» **Goal of the exercise**
An exact, complete printout of the listing is wanted, minus its images.

+++ Data

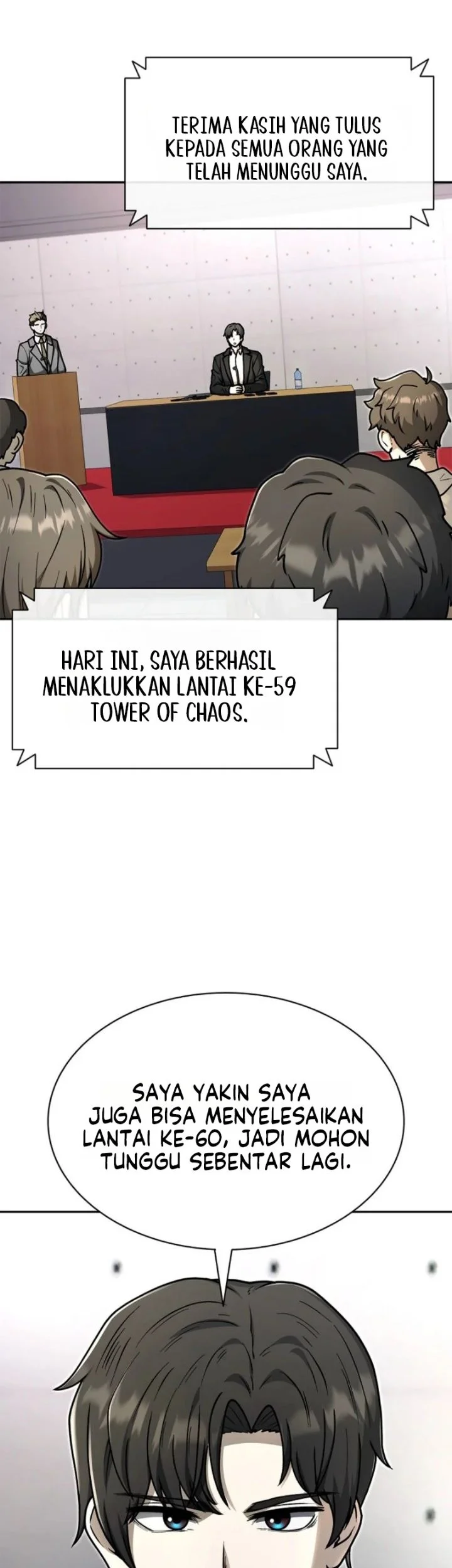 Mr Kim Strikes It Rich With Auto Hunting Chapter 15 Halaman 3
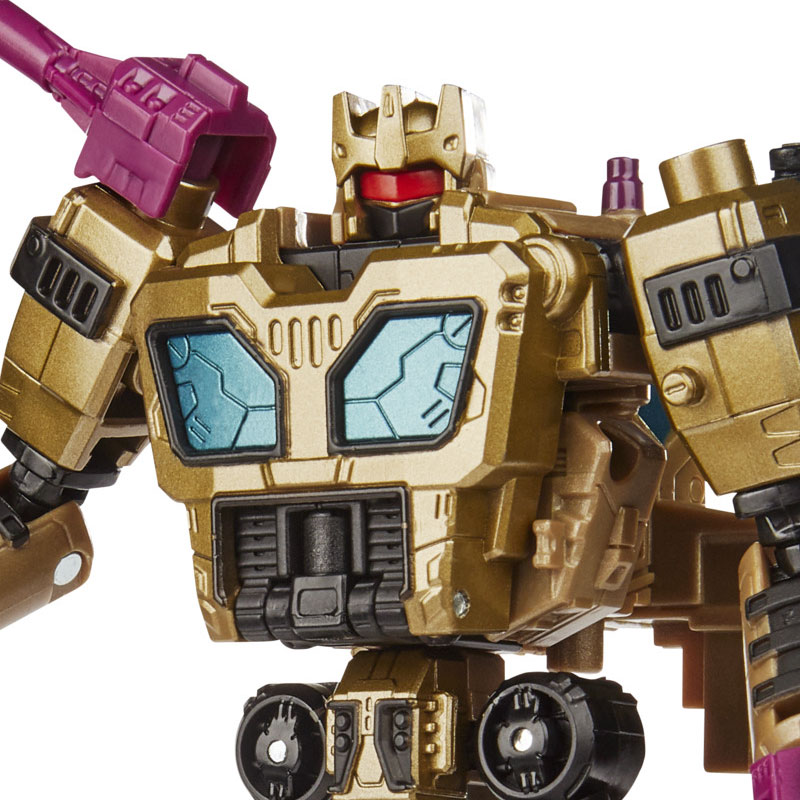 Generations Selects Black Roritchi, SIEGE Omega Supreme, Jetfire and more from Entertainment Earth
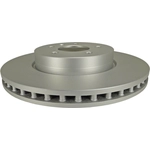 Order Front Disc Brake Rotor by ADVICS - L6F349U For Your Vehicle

++++++

» **Result**
 Mr Kim Strikes It Rich With Auto Hunting Chapter 15 Halaman 3
 Generations Selects Black Roritchi, SIEGE Omega Supreme, Jetfire and more from Entertainment Earth
 Order Front Disc Brake Rotor by ADVICS - L6F349U For Your Vehicle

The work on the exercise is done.